Being overweight as a vegetarian
It is a myth that vegetarians do not get fat because "you" eat plant foods and maybe some milk. As a vegetarian, there are many high-calorie ingredients, since in these meals meat is often replaced by nutrient-rich dairy products: a cream and cheese sauces are real calorie bombs. And those who eat breaded and fried Camembert, as a vegetarian alternative to the pork chop, digest a lot of fat. If vegetarians want to lose weight you need - like everyone else - to identify fattening ingredients in your meals and replace them with low calorie ingredients.
Be careful with iron
If you lose weight, you should pay particular attention to iron! The biggest risk is the lack of iron for vegetarians. This essential element accumulates in the body and is obtained primarily by eating meat. Although many plants also contain the mineral, which are far from the required amount. Iron is needed for healthy blood and can occur, particularly with the women veggie.
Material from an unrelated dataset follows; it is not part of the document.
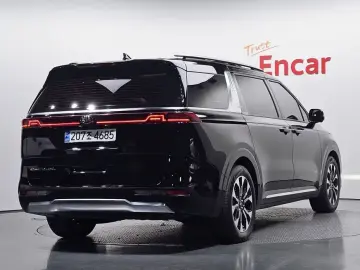 2021 Kia Carnival с пробегом 105 394 км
Iron deficiency causes anemia and other health risks permanent. Even more risky is nutrition for vegans, not to mention the risk of iron deficiency in daily meals is also the risk of vitamin B12 deficiency.
The vegetarian diet
A vegetarian diet is always possible, despite these difficulties. They are available in different versions, one in the other diets have in common: food calories and reduces fat intake is limited. If you want to lose weight as a vegetarian diet can also customize the "non-vegetarian" su: replace meat ingredients in recipes with soy products. Although this should not be treated as commercially vegetarian soy sausage or other meat substitutes because sugar and fat are added as a flavor enhancer - which increases the number of calories of food. You can opt for soy granules, which are available in different forms in health food stores. You want to make sure your plate is GM soya buy biodynamic products.
In addition, you must continue taking iron rich vegetables. Be sure not digest milk products simultaneously because they interfere with the absorption of iron. Iron is present, for example, green spelled, oats, raspberries, carrots, potatoes or whole grain bread.